Borba aceita já competências da Ação Social, porque “temos tempo para constituir uma comissão”

Sofia Dias

A Câmara Municipal de Borba vai, de imediato, aceitar a transferência das competências no domínio da Ação Social, porque nesta fase “temos tempo para constituir uma comissão de acompanhamento”, revelou a vereadora Sofia Dias.

A transferência de competências do Governo central para as autarquias na área da ação social, vai ser obrigatória a partir de março de 2022, pelo que há vários municípios alentejanos que estão a proceder a esta transferência de imediato de forma a ter possibilidade de negociar o pacote financeiro associado a esta medida.

Em declarações a’ODigital.pt a vereadora da Câmara Municipal de Borba, Sofia Dias, explicou o porquê da autarquia ter aceitado agora a transferência de competências, referindo que “a grande vantagem de aceitarmos agora a descentralização nesta fase, é o facto de assim termos tempo para constituir a comissão de acompanhamento, que vai funcionar durante dois ou três anos, prevendo-se que nos acompanhe quer numa fase inicial do diagnóstico, quer depois de planeamento ou no decorrer do processo e no final para monitorizar o trabalho realizado”.

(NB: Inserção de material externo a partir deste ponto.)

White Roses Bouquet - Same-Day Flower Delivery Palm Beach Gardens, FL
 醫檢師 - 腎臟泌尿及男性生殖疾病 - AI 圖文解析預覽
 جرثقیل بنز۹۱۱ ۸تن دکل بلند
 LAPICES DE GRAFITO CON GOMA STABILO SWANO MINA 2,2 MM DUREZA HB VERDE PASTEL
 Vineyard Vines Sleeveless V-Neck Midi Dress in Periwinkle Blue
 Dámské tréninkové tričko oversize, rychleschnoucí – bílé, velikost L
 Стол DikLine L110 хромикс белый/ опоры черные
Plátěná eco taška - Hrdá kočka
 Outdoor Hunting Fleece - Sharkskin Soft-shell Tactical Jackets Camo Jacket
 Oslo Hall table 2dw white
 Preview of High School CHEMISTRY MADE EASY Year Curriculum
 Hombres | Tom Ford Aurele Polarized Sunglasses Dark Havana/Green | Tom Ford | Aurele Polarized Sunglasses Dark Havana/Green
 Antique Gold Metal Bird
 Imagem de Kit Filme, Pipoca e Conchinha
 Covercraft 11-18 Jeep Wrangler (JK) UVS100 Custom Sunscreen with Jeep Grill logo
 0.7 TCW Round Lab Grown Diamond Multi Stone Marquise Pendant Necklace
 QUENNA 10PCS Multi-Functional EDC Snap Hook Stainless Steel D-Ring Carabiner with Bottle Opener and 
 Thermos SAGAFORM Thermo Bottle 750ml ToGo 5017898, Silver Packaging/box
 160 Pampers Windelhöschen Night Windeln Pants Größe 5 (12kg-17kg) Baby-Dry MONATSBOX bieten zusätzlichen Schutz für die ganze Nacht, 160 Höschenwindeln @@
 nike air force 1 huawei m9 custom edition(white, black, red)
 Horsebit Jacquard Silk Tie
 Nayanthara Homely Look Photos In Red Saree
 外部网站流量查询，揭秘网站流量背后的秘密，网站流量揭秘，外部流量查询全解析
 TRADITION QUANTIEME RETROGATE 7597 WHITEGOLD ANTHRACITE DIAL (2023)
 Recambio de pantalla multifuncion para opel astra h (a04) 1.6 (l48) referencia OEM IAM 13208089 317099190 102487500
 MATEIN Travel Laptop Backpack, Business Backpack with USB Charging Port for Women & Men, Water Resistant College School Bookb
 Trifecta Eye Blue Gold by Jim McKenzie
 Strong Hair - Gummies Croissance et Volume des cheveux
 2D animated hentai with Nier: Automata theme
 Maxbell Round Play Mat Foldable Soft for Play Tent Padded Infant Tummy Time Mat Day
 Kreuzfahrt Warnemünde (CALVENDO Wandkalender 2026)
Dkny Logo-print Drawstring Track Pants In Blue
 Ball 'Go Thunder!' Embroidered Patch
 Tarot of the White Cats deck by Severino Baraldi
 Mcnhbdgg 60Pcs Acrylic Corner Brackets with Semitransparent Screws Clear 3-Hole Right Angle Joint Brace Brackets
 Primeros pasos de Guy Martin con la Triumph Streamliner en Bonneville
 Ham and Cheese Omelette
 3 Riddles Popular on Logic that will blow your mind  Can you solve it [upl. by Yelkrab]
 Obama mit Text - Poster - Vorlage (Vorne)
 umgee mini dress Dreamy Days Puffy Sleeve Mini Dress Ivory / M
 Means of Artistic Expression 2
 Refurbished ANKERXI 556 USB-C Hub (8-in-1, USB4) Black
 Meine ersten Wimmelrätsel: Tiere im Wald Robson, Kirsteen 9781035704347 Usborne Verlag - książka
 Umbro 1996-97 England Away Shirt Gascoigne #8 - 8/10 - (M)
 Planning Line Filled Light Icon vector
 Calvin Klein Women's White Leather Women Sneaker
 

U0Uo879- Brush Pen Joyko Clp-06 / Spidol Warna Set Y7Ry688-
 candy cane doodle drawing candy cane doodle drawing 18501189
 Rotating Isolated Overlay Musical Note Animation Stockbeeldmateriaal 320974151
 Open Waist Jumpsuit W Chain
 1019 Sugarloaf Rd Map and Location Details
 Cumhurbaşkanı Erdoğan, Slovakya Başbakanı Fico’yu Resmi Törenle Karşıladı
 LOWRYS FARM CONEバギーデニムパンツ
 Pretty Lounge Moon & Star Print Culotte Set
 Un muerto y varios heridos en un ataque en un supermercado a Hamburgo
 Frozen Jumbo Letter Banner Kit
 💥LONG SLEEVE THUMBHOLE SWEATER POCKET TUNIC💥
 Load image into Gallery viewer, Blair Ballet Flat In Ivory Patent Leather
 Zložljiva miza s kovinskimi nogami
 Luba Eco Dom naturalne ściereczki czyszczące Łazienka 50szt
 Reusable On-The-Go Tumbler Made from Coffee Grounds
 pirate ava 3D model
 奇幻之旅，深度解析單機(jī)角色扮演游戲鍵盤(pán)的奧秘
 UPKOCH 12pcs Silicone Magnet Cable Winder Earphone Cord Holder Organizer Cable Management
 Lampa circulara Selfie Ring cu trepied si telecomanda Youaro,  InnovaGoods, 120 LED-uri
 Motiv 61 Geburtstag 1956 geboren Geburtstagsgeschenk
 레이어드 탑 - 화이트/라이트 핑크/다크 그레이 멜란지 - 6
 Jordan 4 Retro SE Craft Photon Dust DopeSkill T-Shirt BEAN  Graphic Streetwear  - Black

Sofia Dias disse ainda que “esta comissão vai ter dois técnicos do município e um ou dois técnicos da Segurança Social que ainda estão por definir quem é quem e estamos neste momento a aguardar o início de todo este processo de transferência propriamente dita de competências.”

Ainda sobre a comissão, Sofia Dias frisou que “esta comissão de acompanhamento é essencial, pois, permite conhecermos realmente aquilo que nos vai ser entregue e permite-nos conhecer com quem já está no terreno a trabalhar, portanto, são os próprios técnicos da Segurança Social que nos vão dar estas ferramentas, que nos vão dar estas competências, quer ao nível do atendimento e acompanhamento social, quer ao nível da coordenação dos serviços e de toda a parte processual, logística e informática associada”.

Questionada sobre o valor total do pacote financeiro associado a esta transferência de competências, Sofia Dias, adiantou que “os encargos anuais com as competências descentralizadas no âmbito da Ação Social correspondem a 96.451 euros para o concelho de Borba”, especificando que “deste valor a grande a grande parte vai ser imputada aos acordos de SAAS – Serviço de Atendimento e Acompanhamento Social, que corresponde a 70.649 euros, os restantes vão ser repartidos entre recursos humanos, cerca de 22.400 euros e por fim em subsídios eventuais, mais de 3 mil euros”.

Já sobre as mais-valias para o Município e para a população, a autarca refere que “a principal mais-valia que esta transferência de competências traz é a proximidade e é também com base nisso que toda esta estratégia de descentralização assenta, estamos mais próximos, conhecemos melhor as pessoas e podemos futuramente trabalhar também em parceria com as juntas de freguesia e com outras entidades do concelho e assim torna toda a intervenção muito mais eficaz e rápida.”

Concretamente esta transferência de competências da Ação Social vai permitir ao Município “coordenar o NLI – Núcleo Local de Inserção, que tem como objetivo promover a inserção de beneficiários de RSI (Rendimento Social de Inserção), mas também coordenar o Serviço de Atendimento e Acompanhamento Social (SAAS) que está também já em funcionamento em Borba, numa parceria entre a Segurança Social e a Santa Casa da Misericórdia e os tais subsídios eventuais que são subsídios pontuais que estão também a ser neste momento solicitados pela população quer a este SAAS, quer junto da Segurança Social. Depois passam a ser coordenados também pelo município”.

Questionada sobre possíveis alterações nos serviços que já estão implementados em Borba, Sofia Dias, garantiu que “vamos manter tudo, nomeadamente o Serviço de Atendimento e Acompanhamento Social que está a funcionar muito bem e nós somos da opinião que quando os serviços funcionam bem devemos manter”. Tendo explicado que “é fundamental manter esta proximidade, pois, a mudança já vai ser grande e se vamos mudar os rostos ou mudar o modo funcionamento das coisas a população iria sentir e nós não queremos que a população sinta”.